Supplied data —

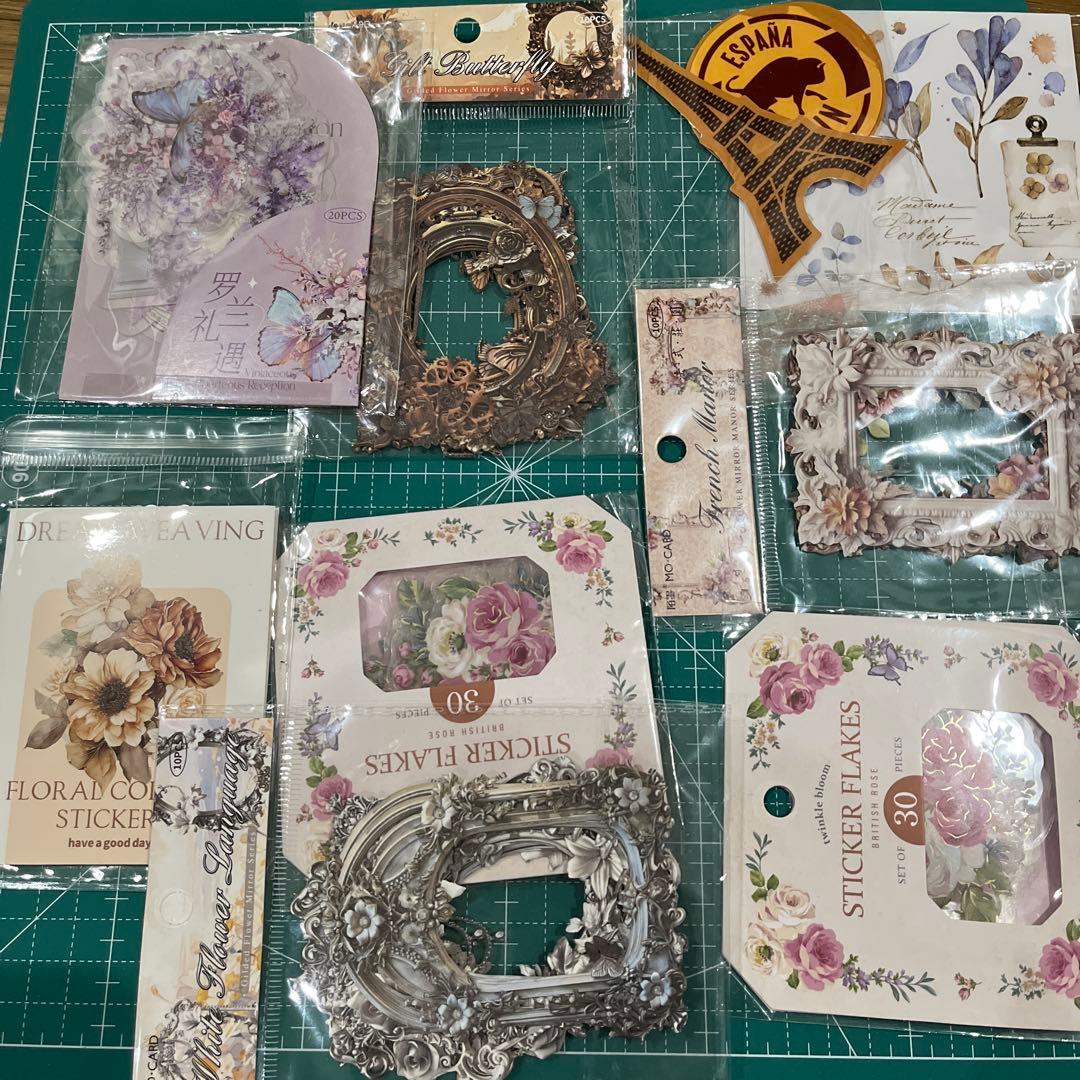 約3.8kg コラージュ 紙モノ 切手 チケット 異素材 まとめ売り 大量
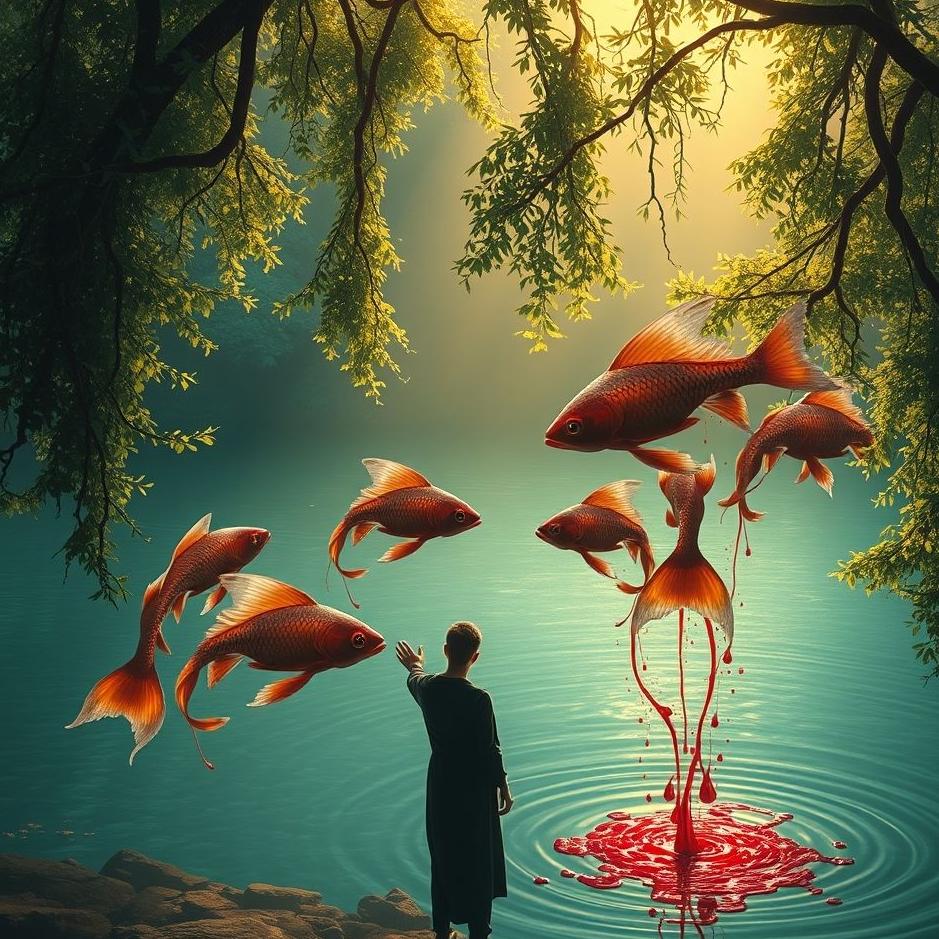 Dream : Bleeding from fish in a dream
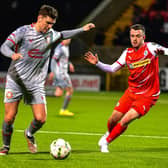 Stephen Teggart, in action for Portadown against Cliftonville last season, has made the move to Glenavon this summer. (Photo by Andrew McCarroll/Pacemaker Press)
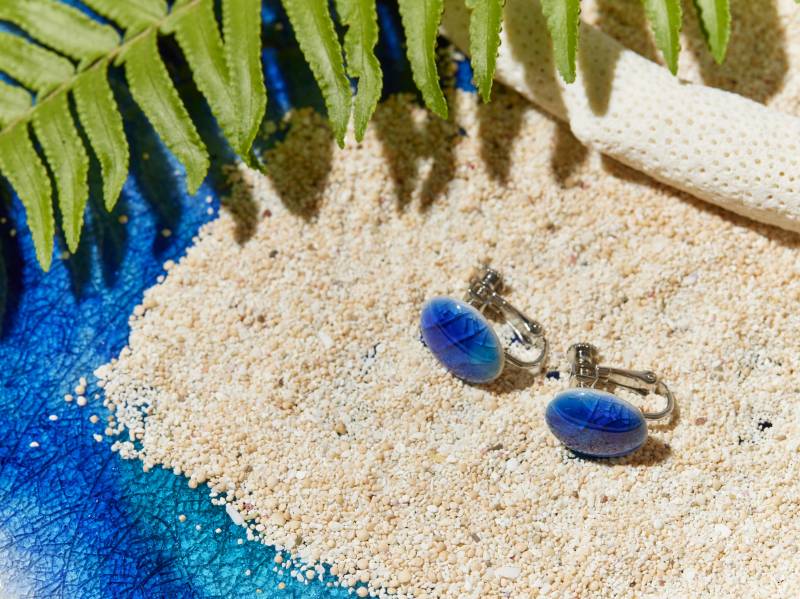 【石垣島 石垣焼窯元】イヤリング（固定）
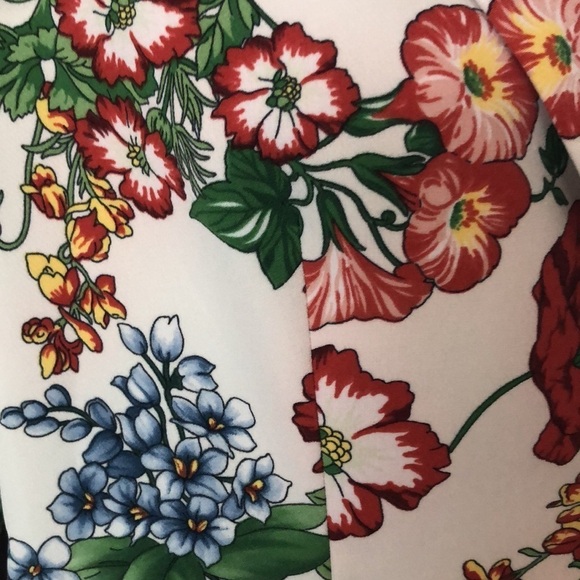 Zara Size S Floral Print Button Front Blazer Jacket SM Pockets Lined Art to Wear - Picture 11 of 16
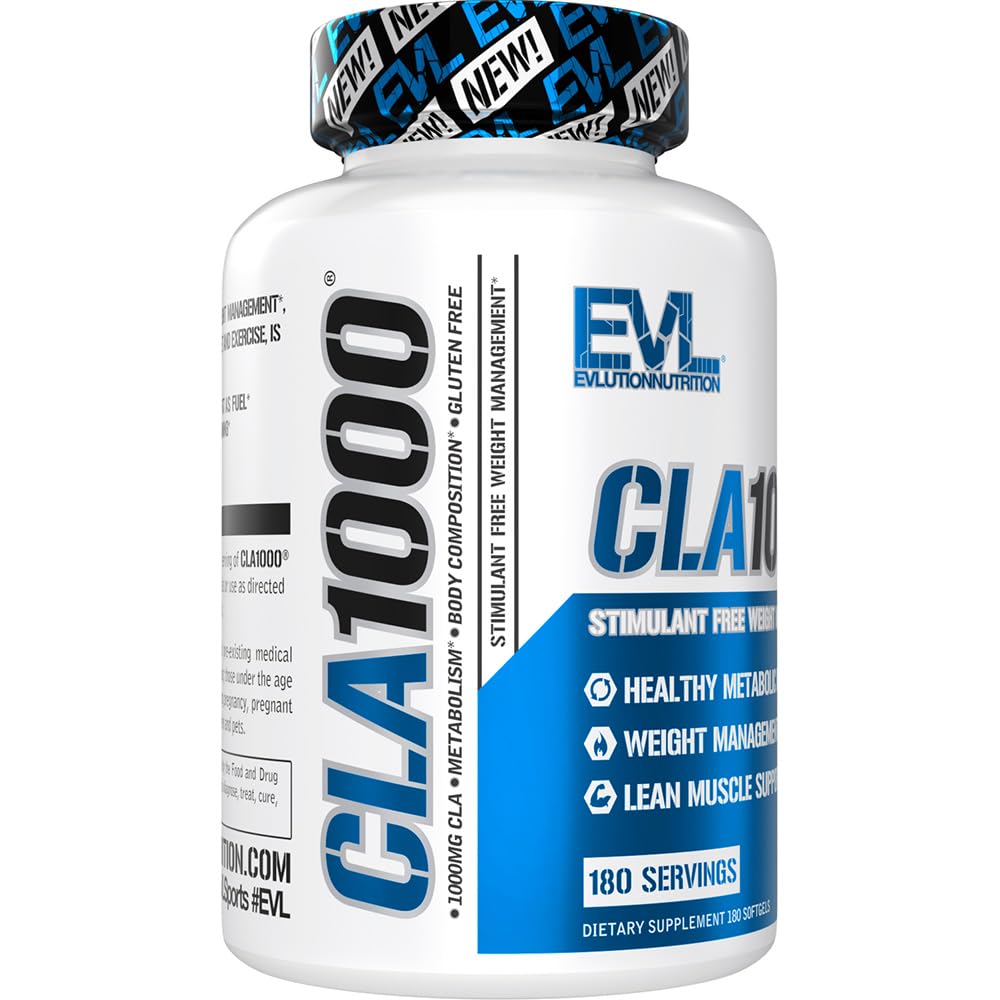EVLution CLA pills packaging on shelf signaling quality and trust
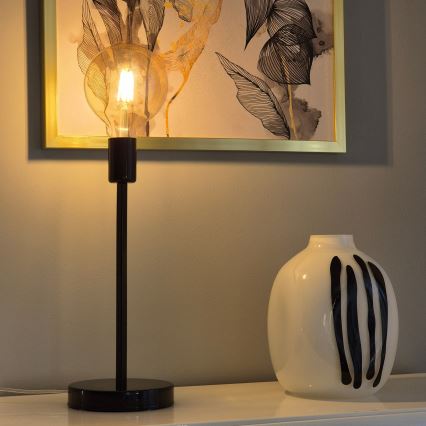 Bordslampa ASTRID 1xE27/60W/230V skinande svart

Required action —
Each line from the one containing "Zara Size S" through the end of the records above is to be retyped exactly, with the pictures omitted and nothing added.

Solution to the problem —
 Zara Size S Floral Print Button Front Blazer Jacket SM Pockets Lined Art to Wear - Picture 11 of 16
EVLution CLA pills packaging on shelf signaling quality and trust
 Bordslampa ASTRID 1xE27/60W/230V skinande svart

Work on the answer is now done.